[Appellant], wonende te [woonplaats] (hierna: appellant),
tegen de uitspraak van de rechtbank Rotterdam van 17 februari 2009, 08/108
(hierna: de aangevallen uitspraak),
de Raad van bestuur van het Uitvoeringsinstituut werknemersverzekeringen
(hierna: Uwv).
Datum uitspraak: 20 november 2009
Namens appellant stelde mr. M.J.A. van Schaik, advocaat te Rotterdam, hoger beroep in.
Het onderzoek ter zitting vond plaats op 23 oktober 2009, waar het Uwv zich liet vertegenwoordigen door W.L.J. Weltevreden en appellant zich liet bijstaan door
mr. Van Schaik.
1. Het inleidende beroep richt zich tegen het besluit van 3 december 2007 ter uitvoering van de Wet op de arbeidsongeschiktheidsverzekering (WAO). Daarbij handhaaft het Uwv zijn besluit van 29 juni 2007 tot de beëindiging van de WAO-uitkering van appellant per 30 augustus 2007. Weliswaar kan hij om medische redenen zijn eigen werk niet meer doen, maar met gangbare arbeid kan hij volgens het Uwv ongeveer 90% verdienen van zijn loon als full time postkamermedewerker.
2. De rechtbank verklaarde het beroep ongegrond.
3.1. De volgende, onbetwiste, feiten neemt de Raad tot uitgangspunt.
3.2. Appellant staakte zijn werk wegens psychische klachten met ingang van 11 januari 1988 en vanaf 11 januari 1989 is hij steeds, zij het vanwege enigszins wisselende diagnosen, volledig arbeidsongeschikt geacht.
3.3.1. In november 2004 liet het Uwv een psychiatrische expertise verrichten, waaruit de conclusie kwam dat appellant leed aan een chronische depressie. Deze depressie noemt de psychiater atypisch vanwege de opvallend weinige vitale kenmerken. Uitgaande van die bevindingen stelde de verzekeringsarts een zogenoemde Functionele Mogelijkhedenlijst (FML) op.
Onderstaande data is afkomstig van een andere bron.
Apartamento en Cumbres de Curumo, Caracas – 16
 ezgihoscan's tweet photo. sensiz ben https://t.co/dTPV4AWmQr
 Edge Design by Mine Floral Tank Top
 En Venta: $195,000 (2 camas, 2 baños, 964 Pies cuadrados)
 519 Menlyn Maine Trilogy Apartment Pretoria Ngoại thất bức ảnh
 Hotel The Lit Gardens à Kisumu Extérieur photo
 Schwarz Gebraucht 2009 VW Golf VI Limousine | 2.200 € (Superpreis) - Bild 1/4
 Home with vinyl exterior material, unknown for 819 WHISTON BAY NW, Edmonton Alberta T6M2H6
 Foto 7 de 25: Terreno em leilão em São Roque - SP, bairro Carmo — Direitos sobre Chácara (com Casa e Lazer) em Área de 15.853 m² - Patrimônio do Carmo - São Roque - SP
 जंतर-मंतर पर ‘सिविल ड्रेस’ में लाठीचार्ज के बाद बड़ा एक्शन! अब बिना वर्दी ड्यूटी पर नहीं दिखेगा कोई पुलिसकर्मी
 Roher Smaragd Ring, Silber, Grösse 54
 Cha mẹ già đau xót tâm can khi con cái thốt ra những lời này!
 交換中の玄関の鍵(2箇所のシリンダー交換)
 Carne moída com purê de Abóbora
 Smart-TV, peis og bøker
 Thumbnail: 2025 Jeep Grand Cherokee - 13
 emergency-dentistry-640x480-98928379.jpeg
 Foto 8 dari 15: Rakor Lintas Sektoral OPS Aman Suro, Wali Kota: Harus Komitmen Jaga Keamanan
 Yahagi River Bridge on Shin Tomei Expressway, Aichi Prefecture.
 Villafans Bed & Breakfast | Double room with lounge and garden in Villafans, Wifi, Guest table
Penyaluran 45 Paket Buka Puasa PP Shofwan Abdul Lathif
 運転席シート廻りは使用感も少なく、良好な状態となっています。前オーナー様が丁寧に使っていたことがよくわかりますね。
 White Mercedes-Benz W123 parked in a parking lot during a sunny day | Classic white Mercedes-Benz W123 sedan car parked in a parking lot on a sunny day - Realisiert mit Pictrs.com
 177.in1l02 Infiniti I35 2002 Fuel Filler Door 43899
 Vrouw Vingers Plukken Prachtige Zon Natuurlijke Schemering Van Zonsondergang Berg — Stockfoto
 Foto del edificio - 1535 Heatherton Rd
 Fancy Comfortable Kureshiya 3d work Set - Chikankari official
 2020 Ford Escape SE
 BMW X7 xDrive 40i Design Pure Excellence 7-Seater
3.3.2. Arbeidskundig onderzoek leverde onvoldoende functies op om daarop een schatting te baseren.
3.4.1. Op 9 mei 2007 onderzocht de verzekeringsarts appellant. Hij komt tot dezelfde diagnose als de expertise in november 2004. Ook hij stelde een FML op.
3.4.2. De arbeidsdeskundige wist nu wel voldoende functies te selecteren.
3.5. De rechtbank benoemde E.F. van Ittersum als deskundige. Hij onderzocht appellant en rapporteerde op 31 oktober 2008 dat appellant lijdt aan een matige ernstige, dysthyme stoornis en een ontwijkende persoonlijkheidsstoornis heeft. De deskundige is het eens met de FML. Hij handhaafde gemotiveerd zijn conclusies tegenover de zienswijze van de appellant sinds 15 september 2008 behandelende psychiater dr. H.J. de Heer.
4. Appellant herhaalt in hoger beroep dat in de FML de voor hem bestaande medische arbeidsbeperkingen zijn onderschat en hij beroept zich ter ondersteuning hiervan op de visie van De Heer.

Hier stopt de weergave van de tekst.